First, the findings may generalize only to orthographies with similar characteristics as English and Swedish and to children of similar ages to the present participants. A second limitation relates to a common methodological issue in cross-linguistic research: developing equivalent reading and spelling tests that also consider the unique features of each language. We partly met this problem by using existing literacy measures that follow the same administration and scoring procedures across languages. Although one cannot rule out the possibility that the findings reported are partly due to the translation of tests from English to Swedish, any systematic test differences across countries should mainly impact mean performances and not correlation analyses. A third limitation is that spelling was assessed with only one test at all grade levels, which may have negative impact on measurement reliability. Although the MZ-correlations for the spelling test were comparable to those reported for reading, it is possible that the correlational analyses presented in this study were influenced in part by measurement reliability and regression to the mean. Additionally, it cannot be ruled out that the use of additional or alternative spelling tests would have resulted in significant relationships from spelling to reading. For example, the use of a speeded measure could have been beneficial for assessing spelling, but few such tests exist in the literature. Typically, spelling fluency is evaluated through a recognition task that measures response times for each item (e.g., determining the correct spelling of a word, e.g., “tak” or “talk”). However, assessing word spelling knowledge through recognition may result in better performance by children because they are able to visually perceive the letters of the correct spelling, rendering the process more akin to reading (see Georgiou et al., 2020 for a similar argument). A fourth issue is that we considered both accuracy and speed in our reading measure. Although this way of assessing word reading seems meaningful in the age range studied here, one cannot directly compare the outcomes of the current study to some previous studies of reading development that used other measures (e.g., Lerkkanen et al., 2004 & Leppänen et al., 2006, included reading comprehension in their latent reading measure; Caravolas et al., 2001, only assessed reading accuracy).

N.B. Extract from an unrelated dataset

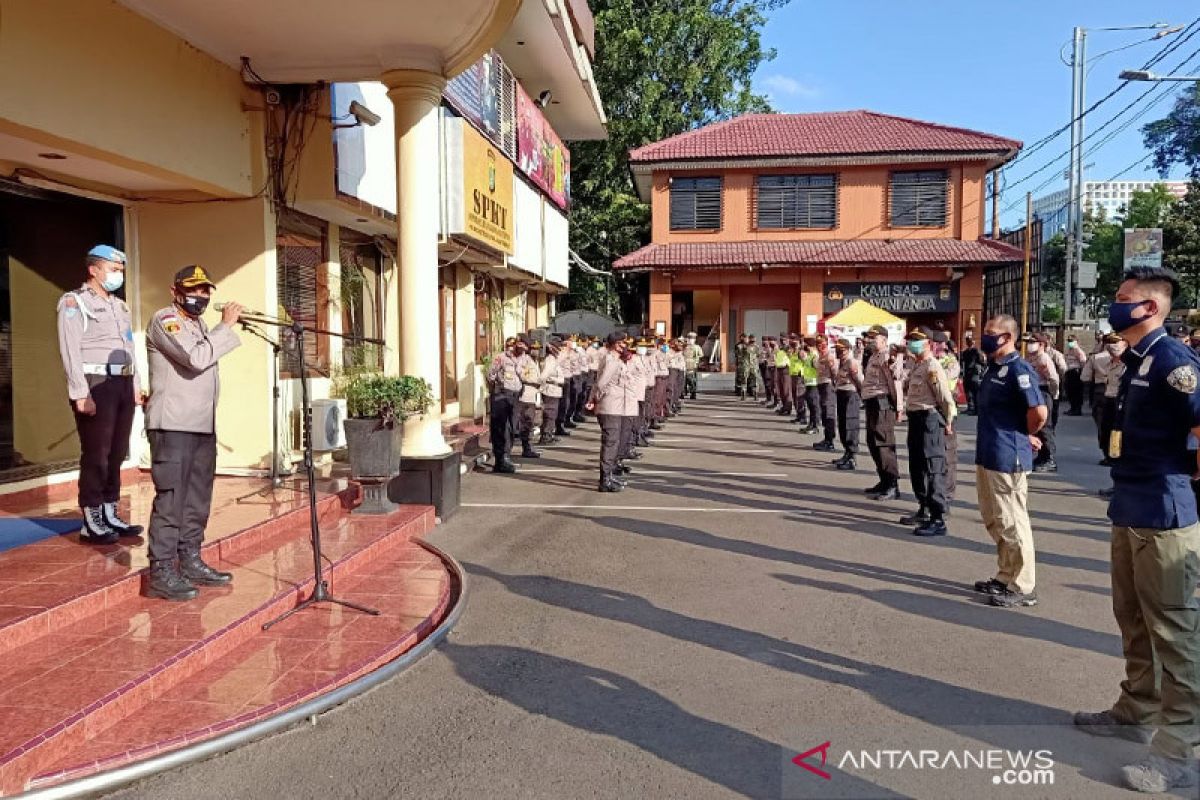 Polrestro Jakarta Barat terjunkan 345 personel patroli malam takbiran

Conclusions and implications

Our results show that reading and spelling reinforce each other during the early phase of literacy development. After that, reading becomes more critical for subsequent spelling development than vice versa. Specifically, spelling is essential for reading in the initial phases because it helps children discover the alphabetic principle. In later phases, reading boosts spelling because reading exposure leads to a richer lexicon of orthographic representations. Our results support the hypothesis put forward by Frith (1986) that spelling is important for reading mainly in the initial phase of literacy development. After that, reading is a more important predictor of subsequent spelling than vice versa. This developmental pattern applies irrespective of the transparency of a particular orthography. Regarding educational implications, literacy instruction should integrate a focus on reading and spelling over time so that children can benefit from the learned knowledge in both domains. If balanced carefully, such an approach will also trigger and strengthen the connections between phonemic, graphemic, and semantic knowledge (Bosman & Van Orden, 1997).